Van Rijn verklaart afwijzen Deltaplan: 'Reden te meer om het per club te bekijken'
Minister Martin van Rijn van Medische Zorg en Sport is weliswaar te spreken over het Deltaplan van de KNVB, maar hij benadrukt dat de Nederlandse profclubs eerst zelf alles moeten doen om de financiële schade door de coronacrisis te beperken. Dat vertelt hij aan de NOS.
"De overheid is het laatste station", zegt Van Rijn. De KNVB vroeg in het Deltaplan om een bedrag van 140 miljoen euro voor het betaald voetbal. Daar ging de overheid niet mee akkoord. "Het is belangrijk dat het plan er ligt. Daar geef ik de KNVB complimenten voor. Maar de volgende fase is dat je de situatie per club moet bekijken", aldus Van Rijn.
"De ene club heeft veel seizoenkaarthouders, de andere minder", legt de minister uit. "Nu er straks gespeeld kan worden met publiek kan de ene club daar meer gebruik van maken dan de andere. Het uitgangspunt verschilt per club."

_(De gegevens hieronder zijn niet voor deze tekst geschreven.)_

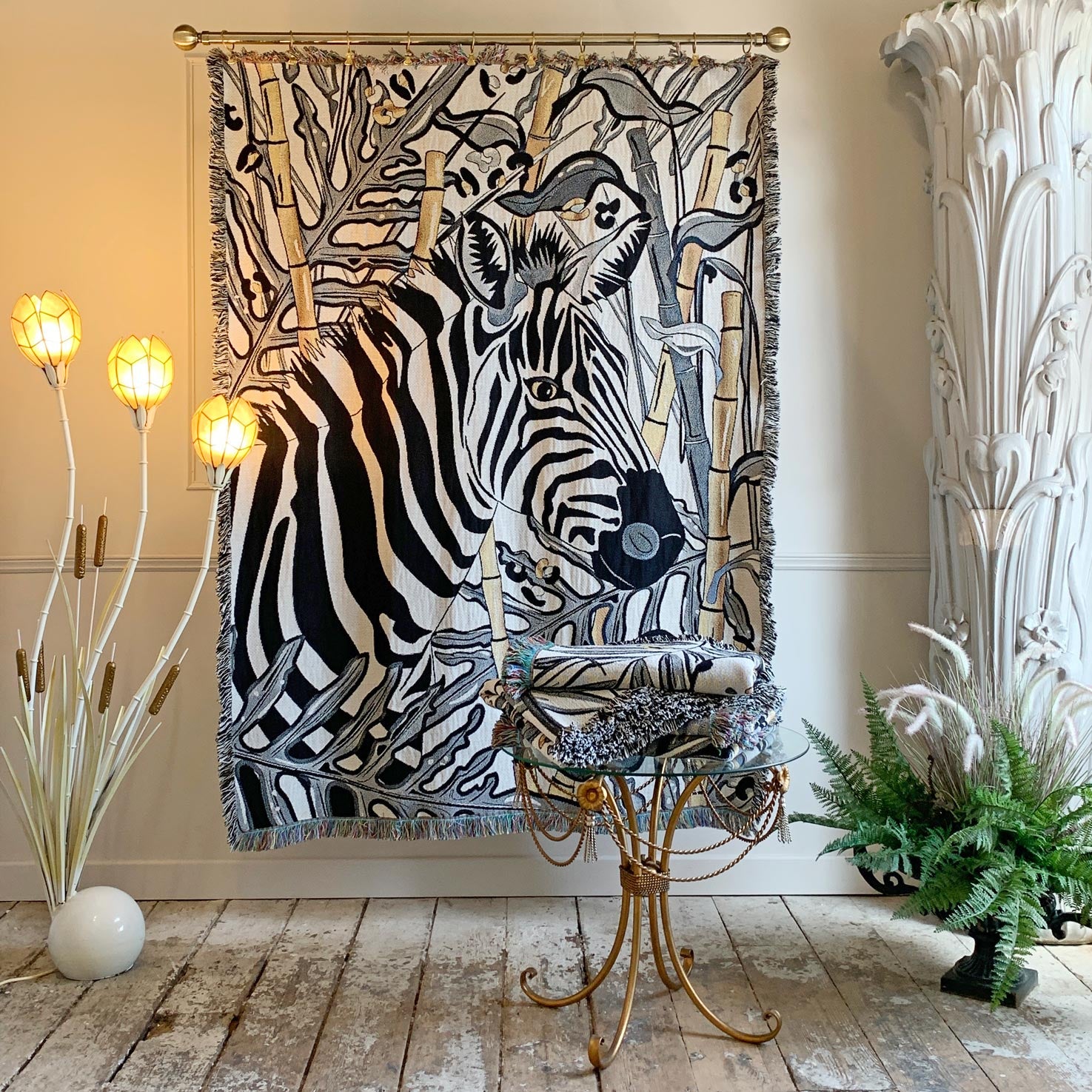A large woven tapestry featuring a detailed black and white zebra illustration with beige and gray botanical elements, hanging on a gold rod in a styled room with decorative plants, a gold side table, and warm wall lighting.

De Nederlandse clubs moeten nu eerst aankloppen bij sponsoren, gemeentes óf banken. Laatstgenoemde sector zou het betaald voetbal als risicofactor zien en daarom niet willen investeren. "Banken kijken naar heel veel bedrijfstakken die ze eventueel kunnen helpen met een tijdelijk overbruggingskrediet", reageert Van Rijn. "Dat zal niet altijd mogelijk zijn. Maar het is wel goed om te kijken naar clubs die eigenlijk gezond zijn en nu een ruggensteuntje nodig hebben om 'door de winter' te komen."
Van Rijn benadrukt dat voetbalclubs geen wonderen moeten verwachten. "Wat natuurlijk niet kan is dat clubs ter gelegenheid van deze crisis alle financiële problemen die er al waren, nu in één keer oplossen. Reden te meer om het per club te bekijken."